Amazon shares jumped 11% Friday after the company delivered third-quarter results that exceeded Wall Street expectations across nearly every metric and raised its spending forecast to meet soaring demand for artificial intelligence infrastructure. The rally pushed the e-commerce and cloud giant's stock to its highest level this year, easing investor concerns over mounting AI costs that have rattled peers like Meta and Microsoft.
The company reported revenue of $180.17 billion, up 13% from a year earlier and ahead of analyst estimates of $177.8 billion, according to LSEG data. Earnings per share reached $1.95, far above the $1.57 forecast. Amazon Web Services (AWS), its cloud computing arm, remained the company's profit engine, posting 20% growth to $33 billion in sales and generating $11.4 billion in operating income, nearly two-thirds of Amazon's total.
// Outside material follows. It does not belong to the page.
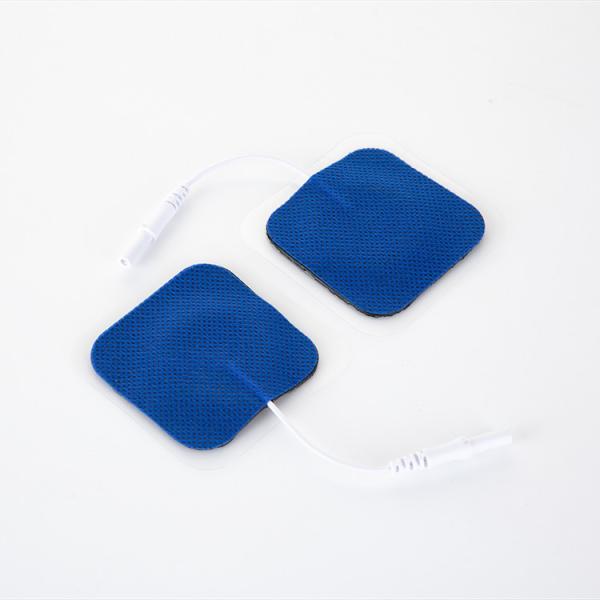 Tens Medical Electrode Pads 2mm Jack Diameter For Muscle Stimulator Therapy Massager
Advertising revenue also surged 24% to $17.7 billion, cementing its role as Amazon's second-largest growth driver after AWS. The strong performance comes as Amazon faces intensifying competition from Google and Microsoft in the cloud sector. Both rivals posted faster cloud growth this quarter-Google's at 34% and Microsoft Azure's at 40%-but Amazon remains the market leader by total share.
"We continue to see strong demand in AI and core infrastructure, and we've been focused on accelerating capacity - adding more than 3.8 gigawatts in the past 12 months," CEO Andy Jassy said on Thursday's earnings call.
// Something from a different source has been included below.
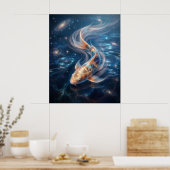 ネブラコイ宇宙の水 ポスター (キッチン)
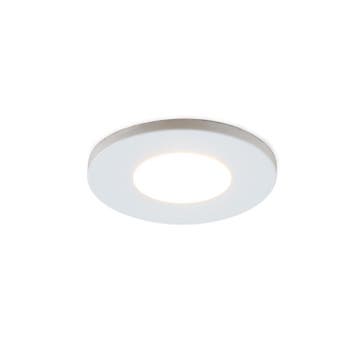 Witte Verandaverlichting Dico, IP65, dimbaar, Ophalen of Verzenden, Nieuw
Amazon also lifted its capital expenditures forecast, saying it now expects to spend $125 billion in 2025, up from $118 billion previously. CFO Brian Olsavsky said spending could increase further in 2026 as the company scales up its data centers and AI investments. By comparison, Alphabet, Meta, and Microsoft also raised their capex guidance but remain below Amazon's levels.
The company projected fourth-quarter revenue of $206 billion to $213 billion, exceeding analysts' median estimate of $208 billion, and operating income between $21 billion and $26 billion. Analysts at Pivotal Research wrote after the report that "Amazon has a deep moat around their core businesses driven by their unmatched scale" and "appears to have numerous healthy organic growth opportunities driven by their high margin AWS cloud segment and areas like advertising."
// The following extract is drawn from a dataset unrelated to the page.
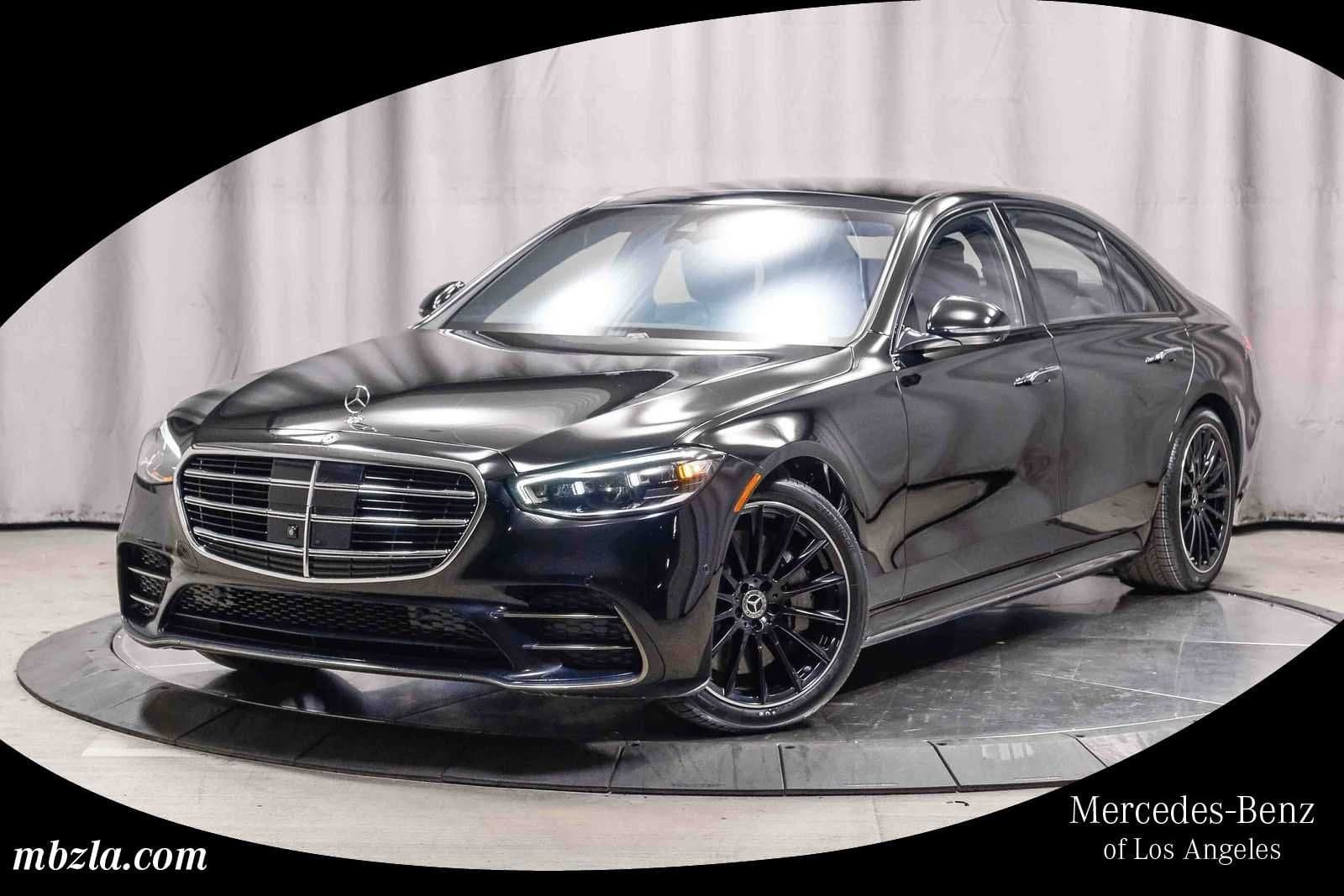 2023 Mercedes-Benz S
Despite the upbeat financials, Amazon's expansion has been accompanied by sweeping cost reductions. Earlier this week, the company announced plans to lay off 14,000 corporate employees-part of a broader restructuring to "make the company leaner and less bureaucratic," according to Jassy. He emphasized that the cuts were not "financially driven" or tied to AI investment, saying instead, "It really, it's culture... If you grow as fast as we did for several years... you end up with a lot more layers."
The company ended the quarter with 1.58 million employees, up 2% from a year earlier. Its core online stores unit, which includes the July Prime Day sales event, grew 10% year-over-year, while subscription services and third-party seller revenues also showed solid gains.